純文学とライトノベルの違い

憑木影

備忘録

そもそも、この極東の島国ではどのように文学というものが発生したのだろうか。

明治とともに、近代文学というものが生じてくる。

それは、他のものと同じように海外の模倣からはじまった。

19世紀当時の海外では、近代というエピステーメの中で、ミシェル・フーコーのいうにんげんという概念が発明されたところであった。

そして、そのにんげんという新たに発明された概念をめぐる言説のひとつとして、小説というものが生み出される。

明治期において、江戸期に語られていた伝奇物語と区別するために、「純」文学という形式が導入され、それはまさに「にんげん」という19世紀のエピステーメーにより発明された概念を巡る言説であった。


さて、20世紀以降、海外ではミシェル・フーコーが語るようににんげんという概念が終焉をむかえる。

小説家としては、ウイリアム・バロウズ、ジェイムズ・ジョイス、サミュエル・ベケットという作家達がにんげんという概念をのりこえようとした試みを作品として発表していく。

そしてそれは、様々な議論をよび現代作家たちに受け継がれていった。


一方、この極東の島国ではどうであったろうか。

この島国には、明治期に輸入された「にんげん」という概念をめぐる言説から一歩たりとも踏み出さなかった。

この島国の作家たちは保身のため、死に物狂いでガラパゴス化した「純」文学という形式を守りつづけた。

だから純文学は世界に類をみない、この島国独特かつ珍妙なトラディッショナル文学となった。
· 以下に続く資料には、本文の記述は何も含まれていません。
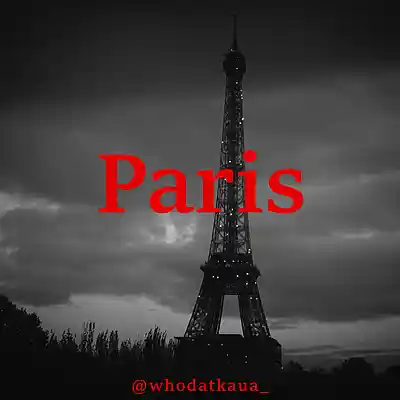 Picture for song '(Free) Sexy Drill X Cash Cobain Type Beat ''Paris'' by artist 'prodbykaua'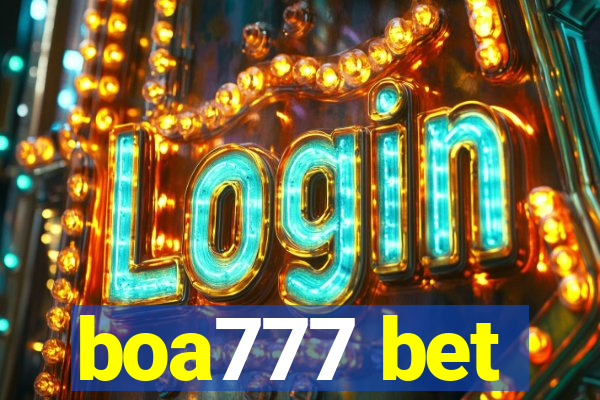 boa777 bet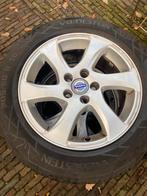 Volvo Velgen + Vredestein Winterbanden 205/60 R16 – 8mm, Auto diversen, Wieldoppen, Ophalen of Verzenden, Zo goed als nieuw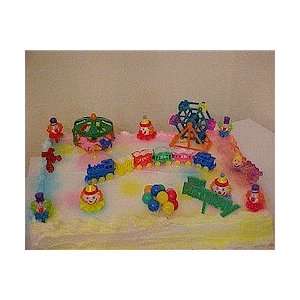 Carnival/Circus Cake Decorations Set:  Home & Kitchen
誰にとっても意味をなさない規約を遵守し、バロウズがある意味死んだ言葉、ゾンビの言葉と呼んだような形式を死守しながら存続していく形骸化した廃墟。

それが、純文学といえる。


ライトノベルはそうした規約から逃れることができる、表現形式だといえる。

つまり生きた言葉の現前として、この島国で失われた文学への道を唯一繋ぎ止める形式がライトノベルだといえるだろう。